To be honest, I don’t have a very good picture of what most people do when a game interests them but it has no demo (or way to play it without buying). Maybe I’m an exception, but these days I almost never buy a game at full price without having played it first, whether that be a demo or rental. The only exceptions are games from franchises or developers I trust completely (Nintendo, Valve, etc.), and interesting games that are on sale at really low prices.

I’ve held to this rule for pretty much every retail game I’ve bought on PS3 or Xbox 360 (and a few PC games). Maybe I can say that because I have a GameFly account and can rent most new games that come out. GameFly’s commercials even run the slogan “Never buy a bad game again.” Without that, I’d have either bought far fewer games this generation or waited and bought them at far lower prices.

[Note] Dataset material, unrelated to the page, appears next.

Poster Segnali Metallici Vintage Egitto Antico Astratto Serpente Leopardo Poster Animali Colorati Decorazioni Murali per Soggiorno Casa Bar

At this, someone might ask me of all the demos and rentals I’ve played, how many of those games did I buy. I’d say definitely not all of them, but quite a few, and I would say there are a handful of demos that caught me by total surprise. The games I ended up not buying, I wouldn’t have bought them anyway.

Other methods of trying before buying are already emerging though.

I’ve seen a few developers actually release a demo of a game a while after launch, which I guess makes sense business-wise. You get all the people who were interested enough to buy a game right off the bat without anyone being deterred by a demo, and then release the demo later to catch anyone who still isn’t interested. Better late than never I say.

Trying first is also basically the whole point of free-to-play. F2P game makers already know most people who download their game won’t pay anything into it, but they hope enough people do. Maybe people should approach demos like this.

I guess you could also count free trials as another method — specifically PlayStation Plus free trials and how OnLive lets you play an hour of each game (or something) for free before buying. I imagine that simple cut-off timer is less expensive for the developer than making a separate demo.

The people decrying demos seem to have started thinking that demos do little more than deter people from buying games. Whether they do a demo, trial, or whatever, the purpose should be to attract. I don’t see why people think of demos as anything other than interactive advertising.